Mike Fleming 1
Mike Fleming

Bolt’s Legacy: a tax-fuelled thunderbolt

Mike Fleming, tax director at Straughans Chartered Accountants, looks at Usain Bolt’s decision not to compete in UK athletics events until tax legislation changes; and the less-than-appealing legacy this leaves UK sport.

Not content with dominating the track at the Olympics and cementing his self-confessed status as a ‘legend’, the Jamaican sprinter Usain Bolt has stuck a thunderbolt into the heart of the UK sports industry by confirming his decision not to compete in the UK again unless changes are made to tax legislation.

As a nation, we are basking in the international recognition of our success in hosting a Games that, according to The Australian, ‘knocked Sydney off its pedestal’. Years of careful planning and investment went into creating an Olympics that would not only be spectacular and slick, but which would also put the UK firmly on the map as a prime destination for world-class sport.

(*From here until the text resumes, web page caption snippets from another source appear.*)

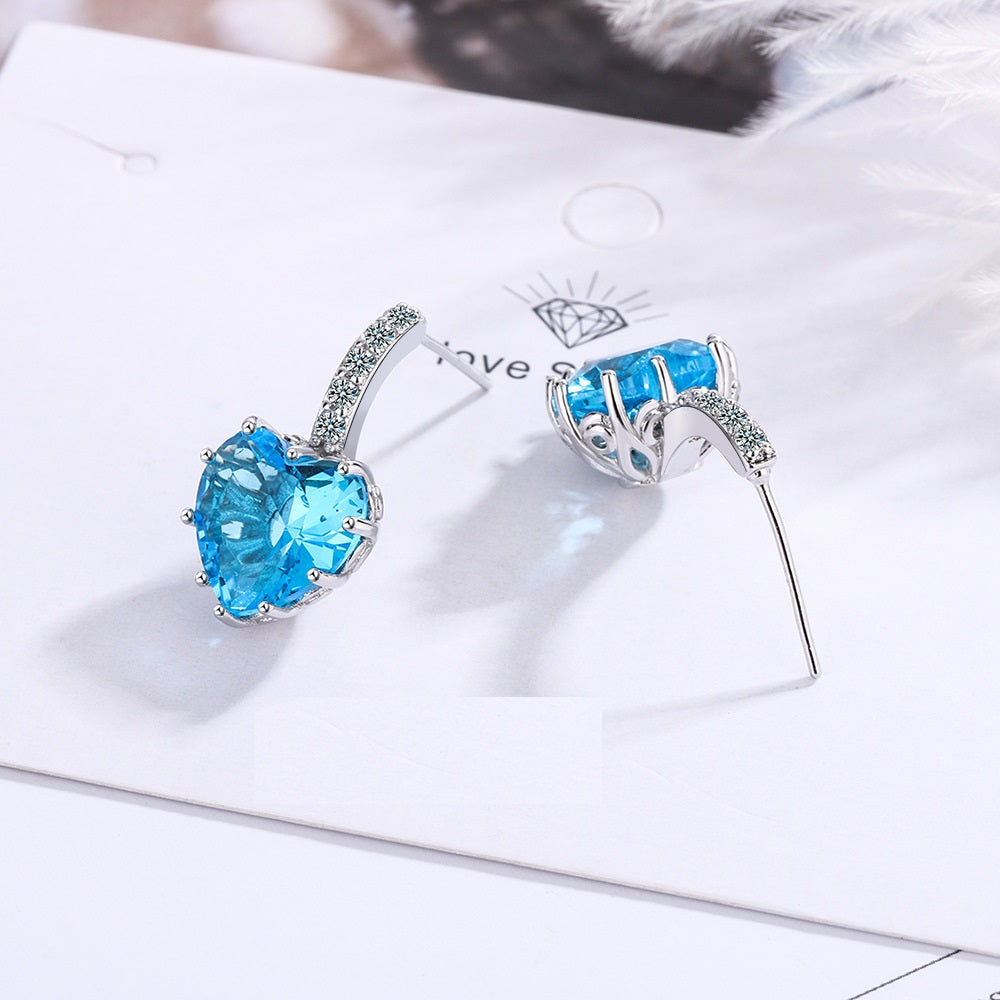 Topaz Sterling Silver Square Earrings – Healing · Confidence · Success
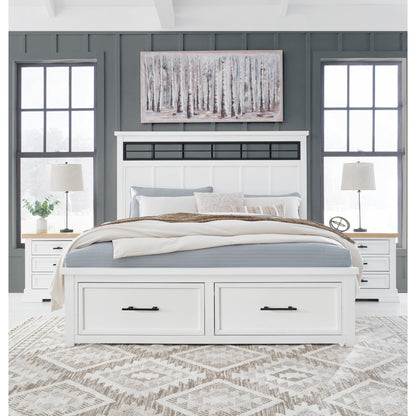 Benchcraft Ashbryn B844B5 California King Panel Storage Bed - American Furniture of Slidell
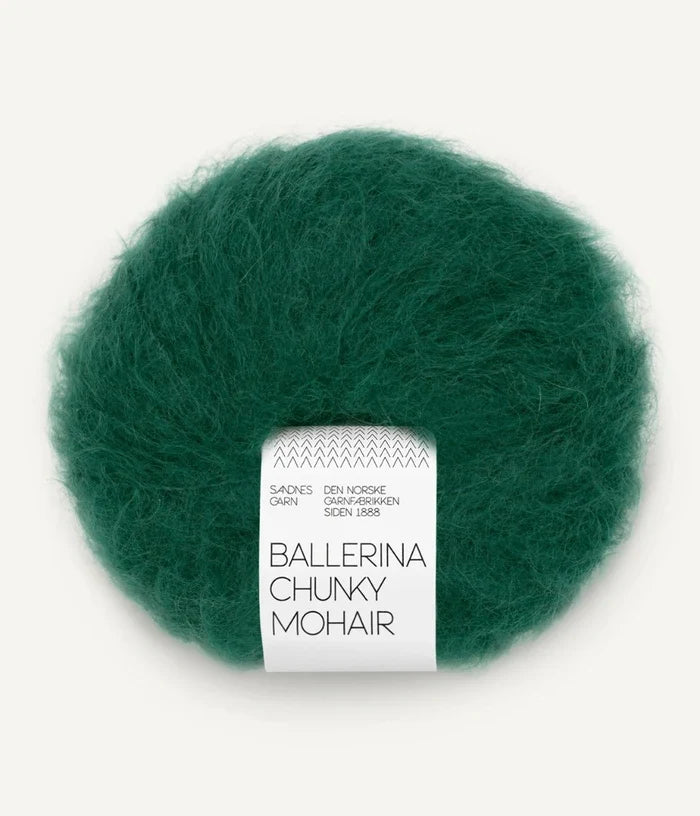 SANDNES BALLERINA CHUNKY MOHAIR 7772 rain forest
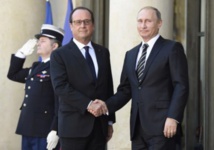 Hollande rencontre  Poutine à Moscou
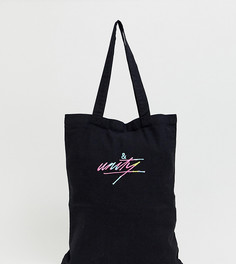 Сумка-тоут в стиле унисекс ASOS DESIGN x glaad - Черный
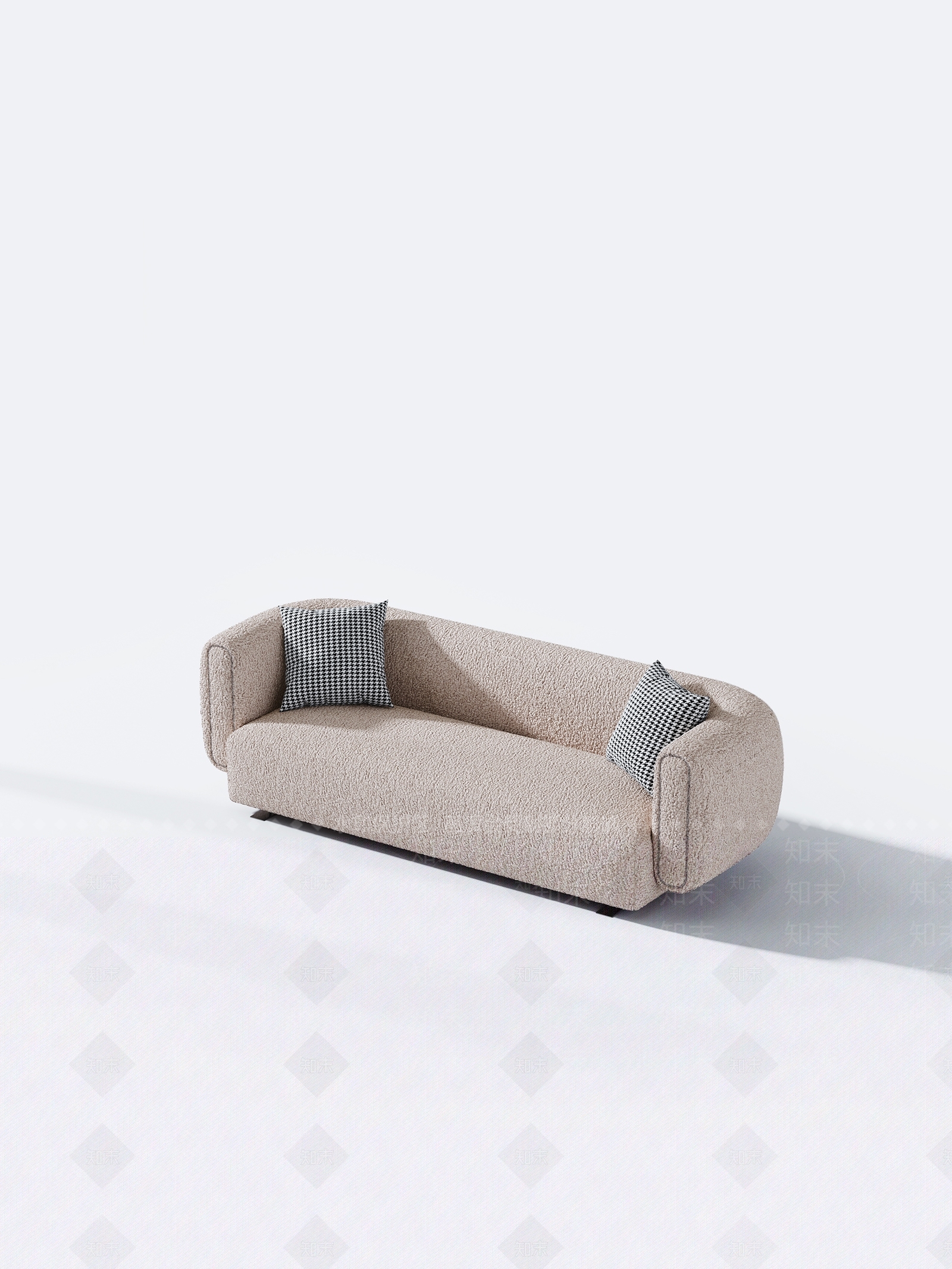 现代三人沙发3D模型下载【ID:1140269305】_知末3d模型网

Now this long-awaited legacy has come to pass, Usain Bolt’s announcement has thrown a spanner in the works which could threaten to derail our chances of attracting international sports stars to UK events. Far from writing the UK’s name in lights as the ultimate host nation, Bolt’s parting shot could result in a much less appealing legacy. Unless tax legislation changes, other sporting superstars may decide to follow Bolt’s example and the UK may be unable to host sporting events of this calibre in future.

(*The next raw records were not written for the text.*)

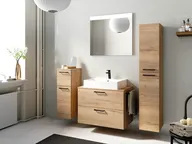 Atlas Ensemble sous vasque avec miroir et colonnes 0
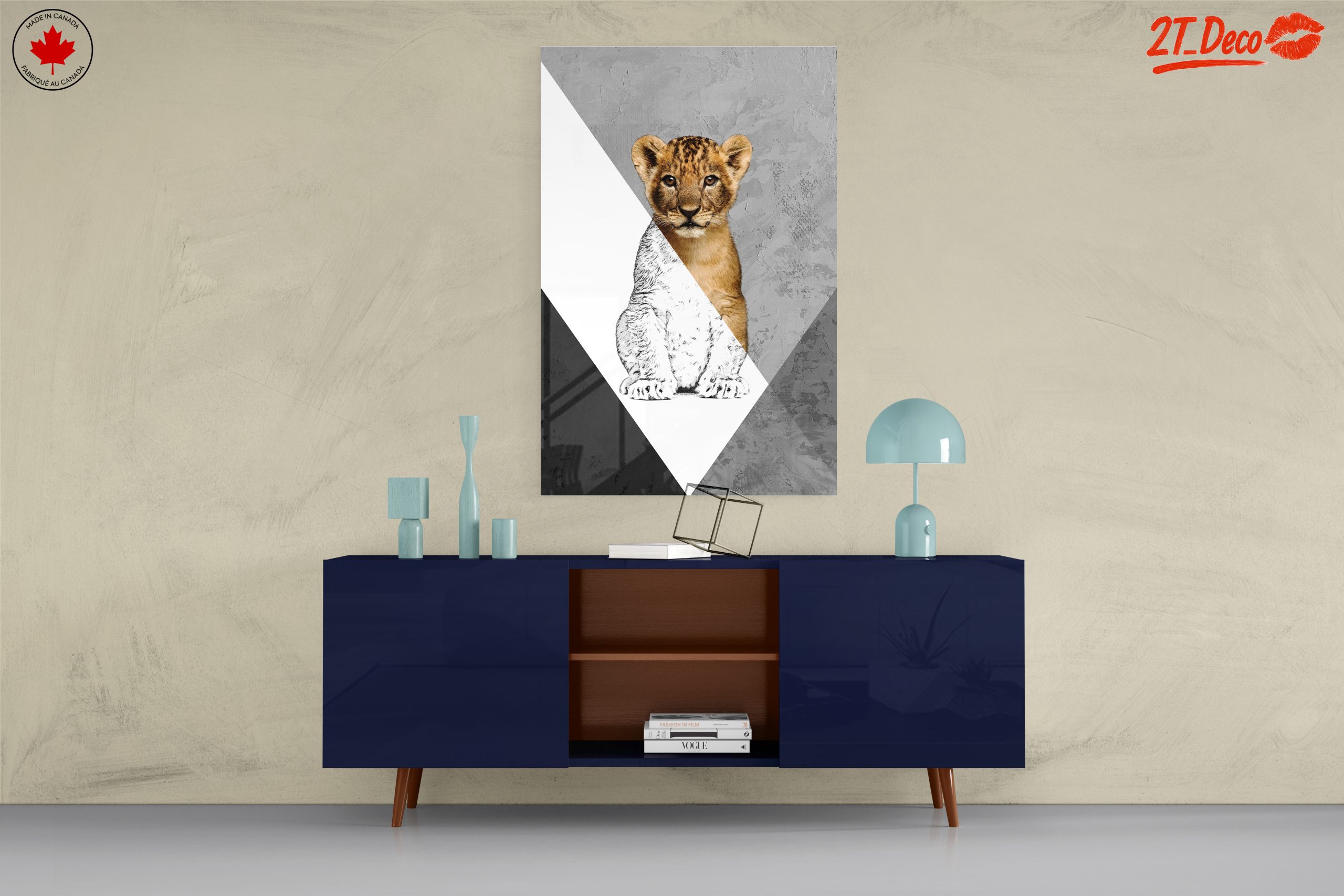 Stylized Lion Cub Wall Art - Image 8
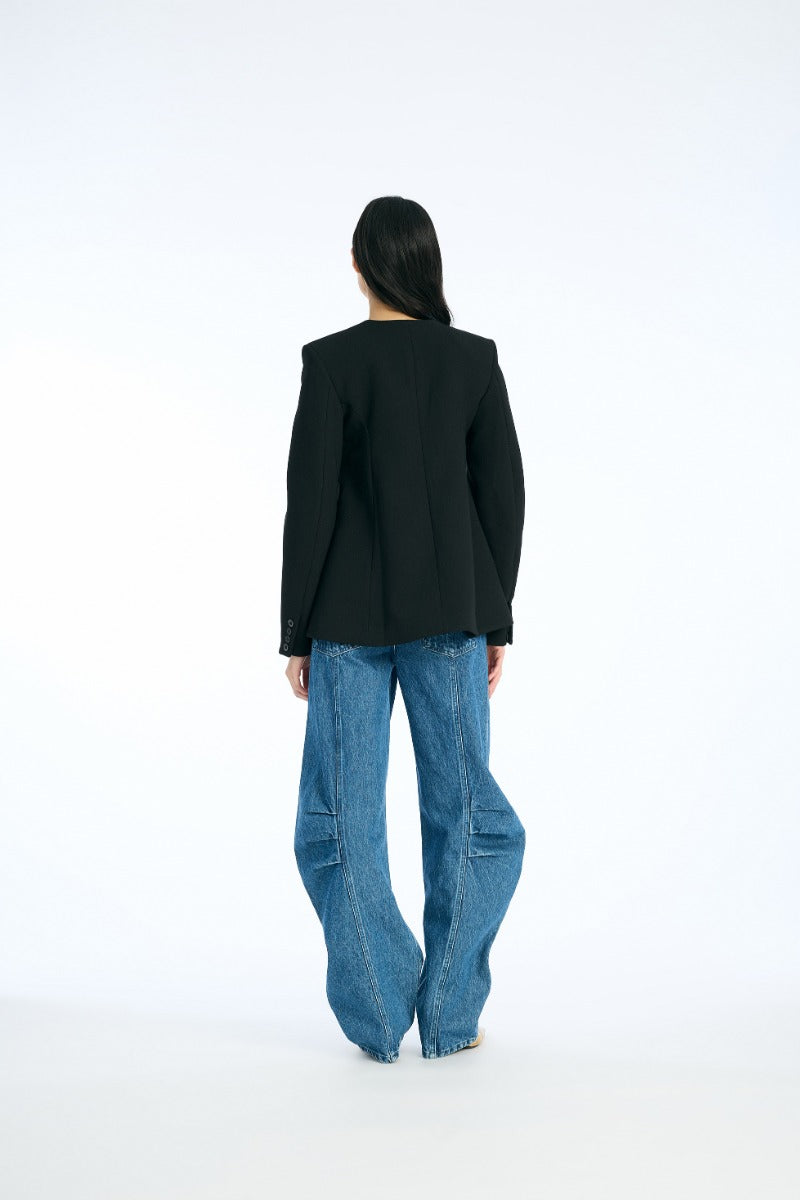 Denim Cargo Pants Medium Blue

Bolt’s objection to competing in the UK is that in addition to being taxed at 50% on his earnings in the UK (which is standard in most countries), HM Revenue and Customs also claim tax on a proportion of his worldwide sponsorship and endorsement earnings. While this might seem fair, in fact Bolt claims that the amount of income he is taxed on is disproportionate, as he earns around £10 million but only competes on about 10 days a year. This arrangement means that it actually costs Bolt and other athletes of his status money to compete in the UK, as their tax liability way exceeds any appearance fee they receive. HMRC agreed during the original bid process to waive tax during the Olympics, which is why Bolt was able to compete.

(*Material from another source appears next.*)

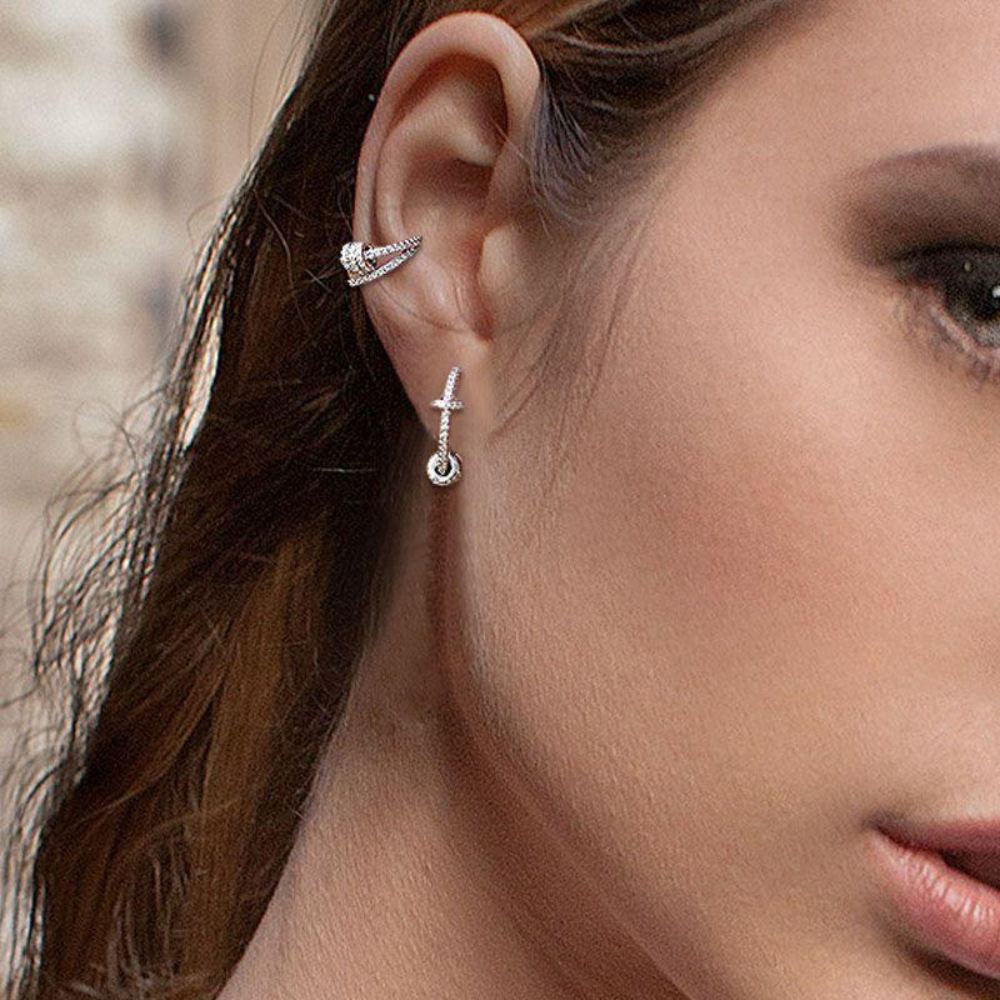 APM Monaco Silver Ear Jacket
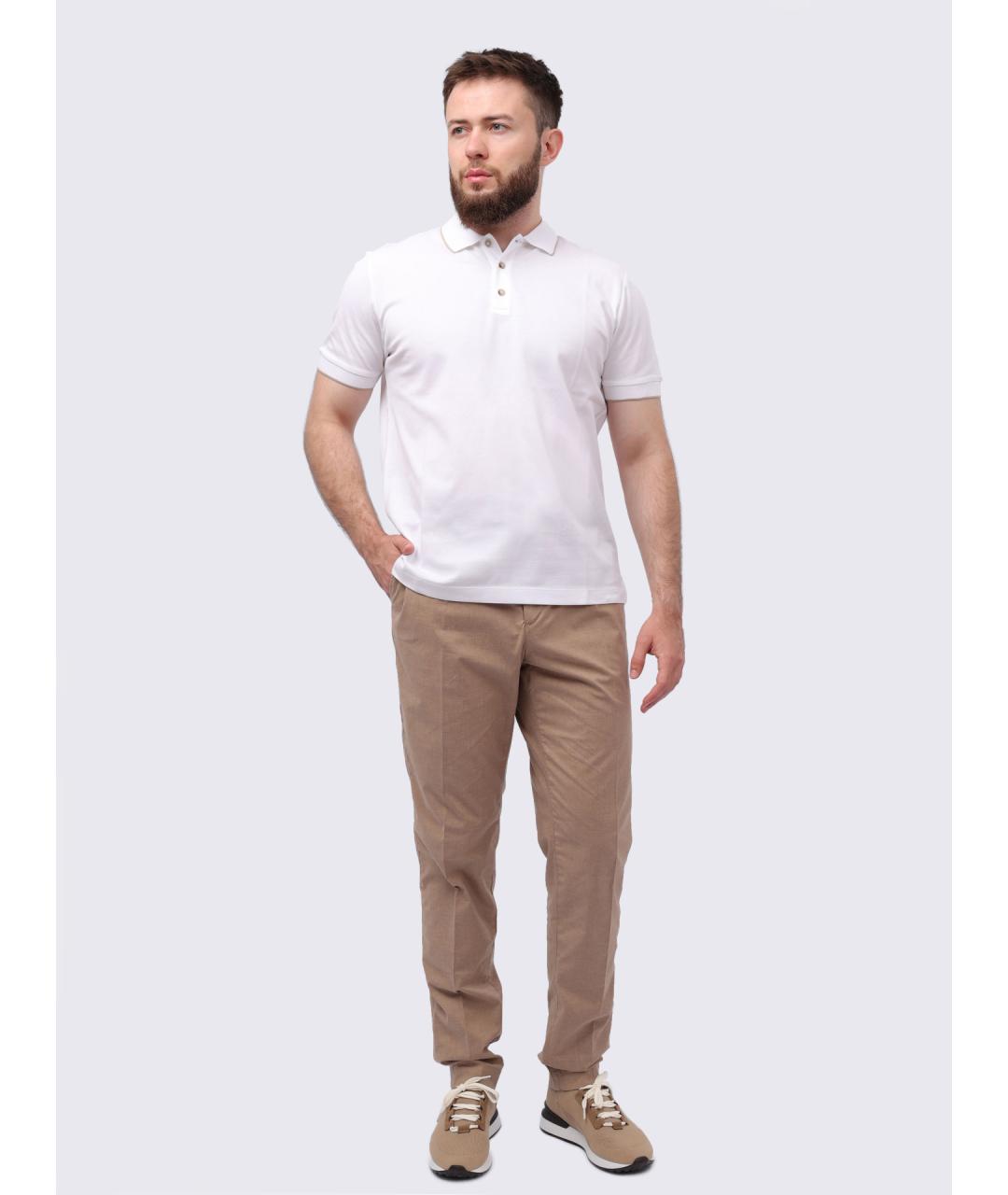 PESERICO Белое поло с коротким рукавом, фото 2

Bolt is not the only international sportsperson to make a stand on this issue. Tennis ace Rafael Nadal also refused to play at the Queen’s tournament this year for tax reasons. The jury is out as to whether the government will bow to pressure to relax this legislation – or even as to whether it should. After all, given the ever-increasing costs of hosting sporting events, isn’t it only fair that HMRC gain a cut of the worldwide income of the sports stars our events help to create? There is talk of HMRC taking ‘training days’ into account when calculating the taxable income from global sponsorship and endorsements, but I personally will be surprised if this concession is enough to attract Bolt and his cohort back to the UK.